→ Work instructions
Would you please repeat, word for word, only the lines from the one holding "王正良王雲緯行書個性簽名怎么寫" through the one holding "New arrival! 22x19mm" in the material below, without the pictures?

→ Data for this task
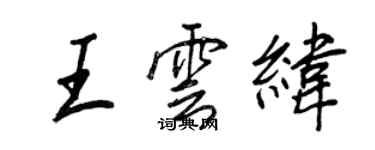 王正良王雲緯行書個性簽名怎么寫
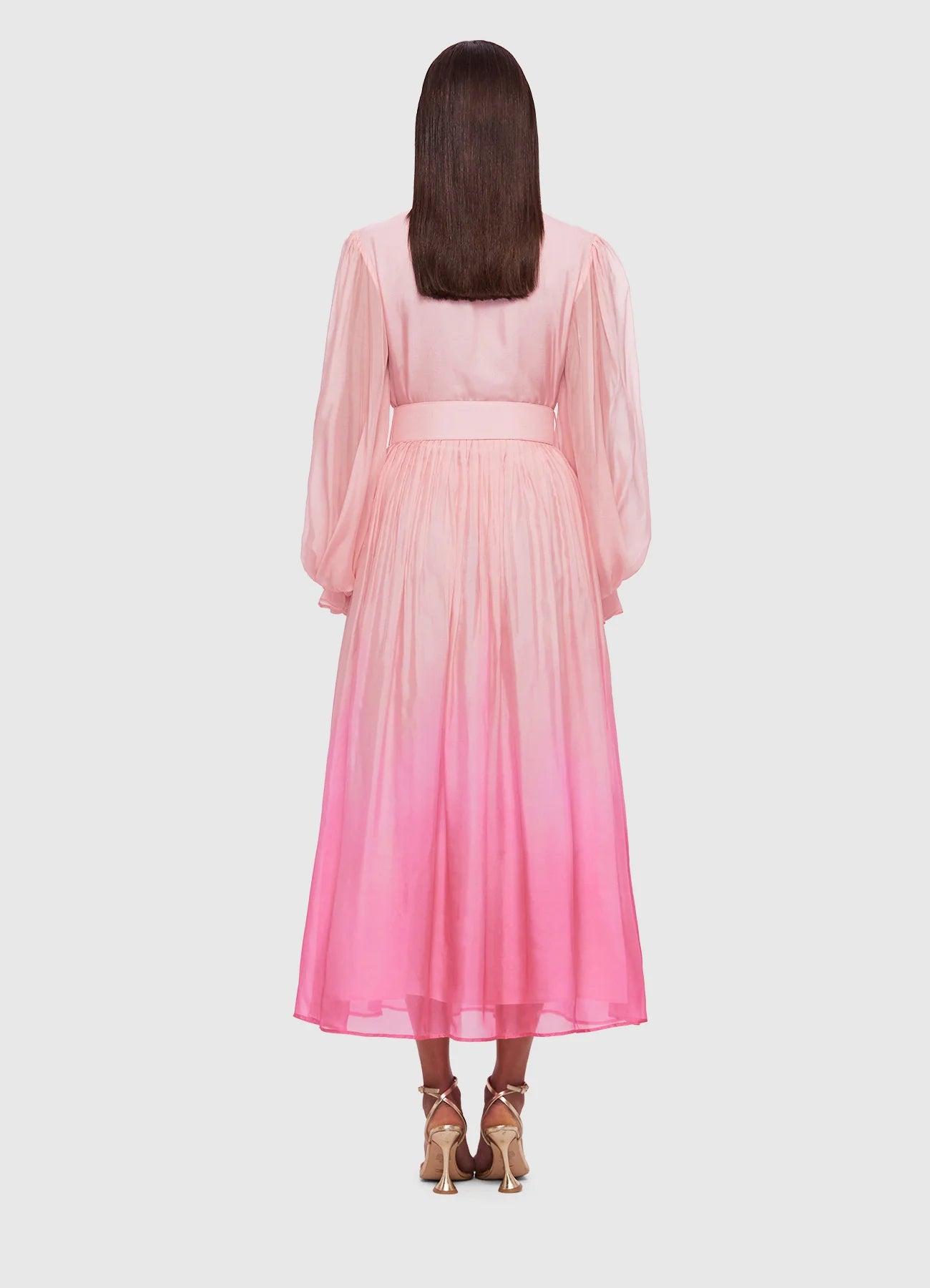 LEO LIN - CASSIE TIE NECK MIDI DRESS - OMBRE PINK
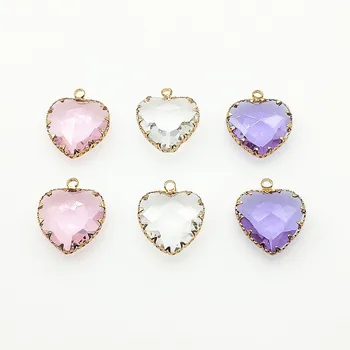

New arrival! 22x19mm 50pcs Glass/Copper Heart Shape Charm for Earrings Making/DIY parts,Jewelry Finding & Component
--
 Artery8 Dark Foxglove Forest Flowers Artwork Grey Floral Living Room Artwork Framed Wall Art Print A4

→ Solution
 王正良王雲緯行書個性簽名怎么寫
 LEO LIN - CASSIE TIE NECK MIDI DRESS - OMBRE PINK

New arrival! 22x19mm 50pcs Glass/Copper Heart Shape Charm for Earrings Making/DIY parts,Jewelry Finding & Component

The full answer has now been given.